Material to process Block Start

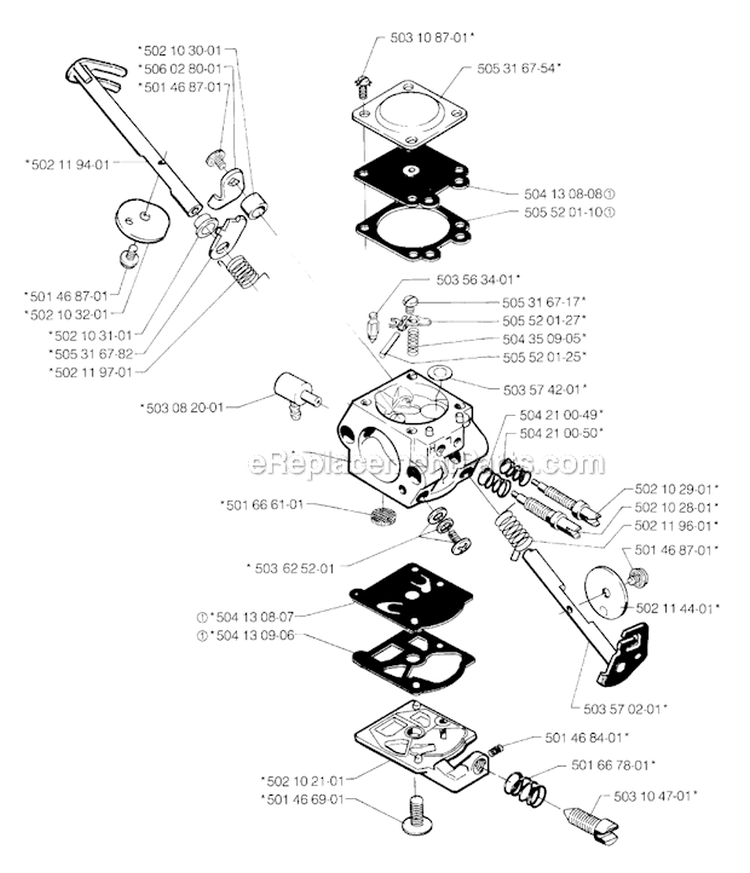Carburetor Details Diagram and Parts List for 245RX 1996-06 Husqvarna Brush Cutter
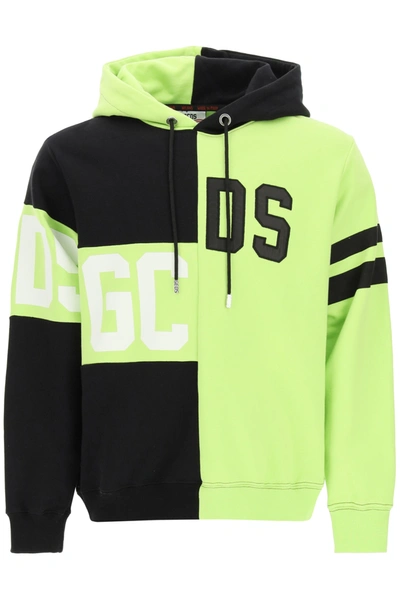 Shop Gcds Hoodie With Logo Mix In Lime (black)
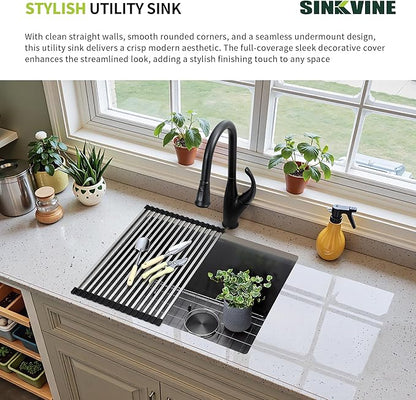 24-inch Undermount Laundry Utility Sink - SINKVINE 24x18x12 Extra Deep Black Stainless Steel Single Bowl Basin with Drain Strainer, Bottom Grid & Drying Unit for Laundry Room, Outdoor, Kitchen Use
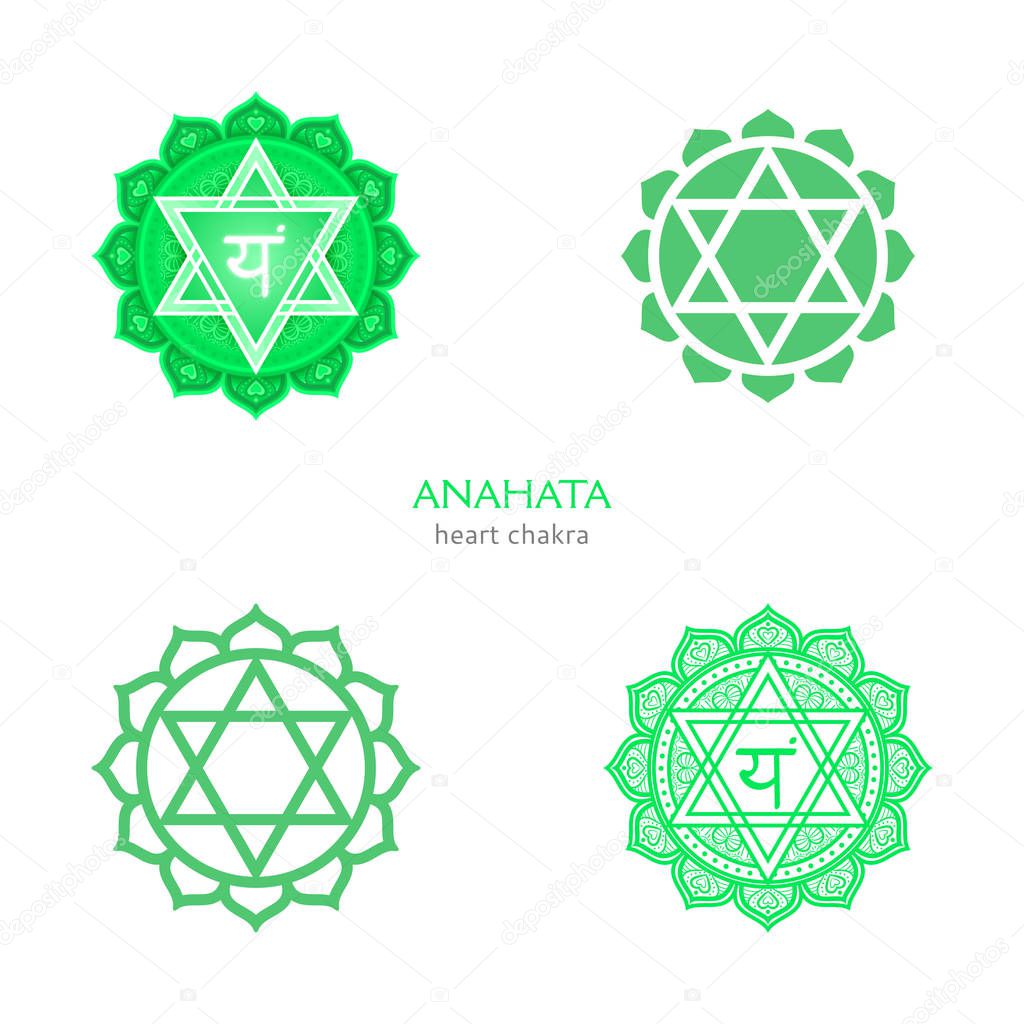 Anahata, heart chakra symbol. Colorful mandala. Vector illustrat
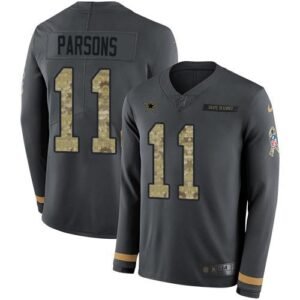 Nike Cowboys #11 Micah Parsons Anthracite Salute To Service Stitched NFL Limited Therma Long Sleeve Jersey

Material to process Block End

Task prompt: Set the pictures aside and transcribe the data above exactly.

Answer section:
Carburetor Details Diagram and Parts List for 245RX 1996-06 Husqvarna Brush Cutter
 Shop Gcds Hoodie With Logo Mix In Lime (black)
 24-inch Undermount Laundry Utility Sink - SINKVINE 24x18x12 Extra Deep Black Stainless Steel Single Bowl Basin with Drain Strainer, Bottom Grid & Drying Unit for Laundry Room, Outdoor, Kitchen Use
 Anahata, heart chakra symbol. Colorful mandala. Vector illustrat
 Nike Cowboys #11 Micah Parsons Anthracite Salute To Service Stitched NFL Limited Therma Long Sleeve Jersey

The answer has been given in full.